Now, a SoHo gallery is paying tribute to Bob Dylan with a new exhibit.
Dylan celebrated his 75th birthday this week and his first movie has been around for half a century. The title of this famous documentary warns "Don't Look Back," but that's just what fans are doing.
The portraits of the artist as a young man are taken from the film and are being remembered now at the Morrison Hotel Gallery in SoHo.
"It was one of those documentaries that really broke ground in the 1960's," said Peter Blachley, co-owner.
Filmmaker D.A. Pennebaker followed Dylan to England in 1965.
"He had that quality of a poet looking for himself, and I thought that's what I want my movie to be about," Pennebaker said.
Years later, Dylan would write he was just "trying to deal with the madness of what his career had become."
"It was madness. It wasn't anything you could look up on Google and find out how to get around this or what it spells. There were no answers," Pennebaker said.
The stills from the movie and harmonicas played and signed by Dylan are for sale.
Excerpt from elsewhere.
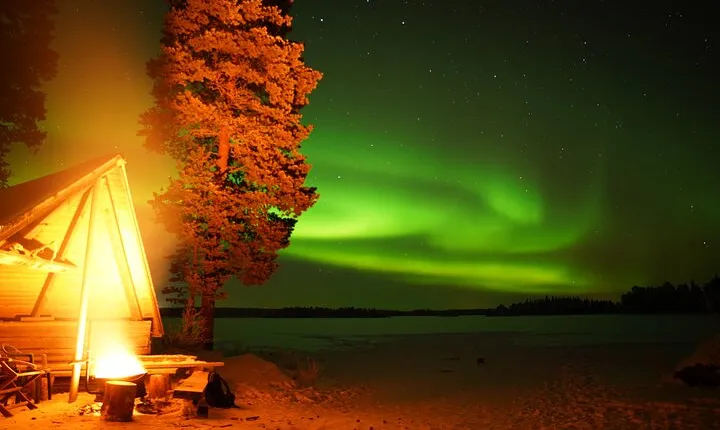 THE NIGHT BARBECUE A call for Auroras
"Great respect for him because I know how hard it is, what he's trying to do, and he's still doing it full tilt, and that to me is a test of some sort, that he's survived," Pennebaker said.
And so has Pennebaker's movie which has now been fully restored, as befits a priceless record of a time when music really mattered.
At the time "Don't Look Back" was made, Dylan was known as a Folk singer, but just a year later he made history in Forest Hills when he plugged in an electric guitar for the first time in public and joined the rock revolution.
He'll mark the 50th anniversary of that by appearing there in August.